Who Pays the Piper?

Former soldier and diplomat Adrian Hill continues his series on the diplomatic and defence environment of the UK’s departure from the EU.  

Disclaimer: At times we publish the views of our members. This article is not an official Veterans for Britain paper and does not necessarily reflect the view of Veterans for Britain.

I was released from the colours in October 1962 after serving as an officer in the Royal Engineers. That summer I did three things that kept me in touch with our Armed Forces for the rest of my life – I joined the British Parachute Club which pioneered sport parachuting in Britain, I joined the Royal United Services Institute and I applied to join the Civil Service – the last one put me in the Commonwealth Relations Office where the Head of the Defence Department was retired sapper general, George Price.

After fifty-six years of membership I have reasonably good perspective.
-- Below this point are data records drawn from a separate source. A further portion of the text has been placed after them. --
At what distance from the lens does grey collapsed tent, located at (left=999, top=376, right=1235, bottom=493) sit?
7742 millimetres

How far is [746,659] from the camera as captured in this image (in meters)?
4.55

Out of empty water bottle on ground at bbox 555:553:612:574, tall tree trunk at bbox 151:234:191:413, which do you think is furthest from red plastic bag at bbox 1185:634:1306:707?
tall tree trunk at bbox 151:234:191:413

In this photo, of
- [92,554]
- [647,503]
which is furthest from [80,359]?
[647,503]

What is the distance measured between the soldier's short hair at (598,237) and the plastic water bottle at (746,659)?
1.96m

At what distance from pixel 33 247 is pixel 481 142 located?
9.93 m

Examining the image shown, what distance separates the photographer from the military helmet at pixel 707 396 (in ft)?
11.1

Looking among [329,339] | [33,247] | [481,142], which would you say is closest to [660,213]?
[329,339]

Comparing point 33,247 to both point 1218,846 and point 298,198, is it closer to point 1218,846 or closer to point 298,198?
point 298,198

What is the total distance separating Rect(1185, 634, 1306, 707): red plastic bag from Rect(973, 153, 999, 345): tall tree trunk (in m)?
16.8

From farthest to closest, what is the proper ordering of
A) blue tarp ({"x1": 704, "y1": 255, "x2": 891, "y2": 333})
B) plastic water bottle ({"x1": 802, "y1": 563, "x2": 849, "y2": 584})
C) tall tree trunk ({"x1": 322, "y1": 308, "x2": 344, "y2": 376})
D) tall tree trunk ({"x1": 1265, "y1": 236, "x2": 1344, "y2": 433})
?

Over the last ten or so years, for my taste, as an institution the RUSI has strayed off course and made itself an academic forum rather than a club for spawning imaginative ideas where young officers’ voices are heard alongside their seniors – as intended by its founder in 1831. Twenty-six years later the Duke of Wellington founded another club with exactly the same purpose, the old St James’s Club for diplomats. One suspects that it was never Wellington’s ambition that either one should become a mouth piece for anyone’s establishment.

Yet according to the list on the website just one organisation supports the RUSI with over a million pounds a year, dwarfing all other donors and most of them by many fold: the European Union Commission provides at least a quarter of the institute’s income but as we don’t know how much over a million pounds, this share could be larger, possibly much larger. Suspicions of bias become almost inevitable.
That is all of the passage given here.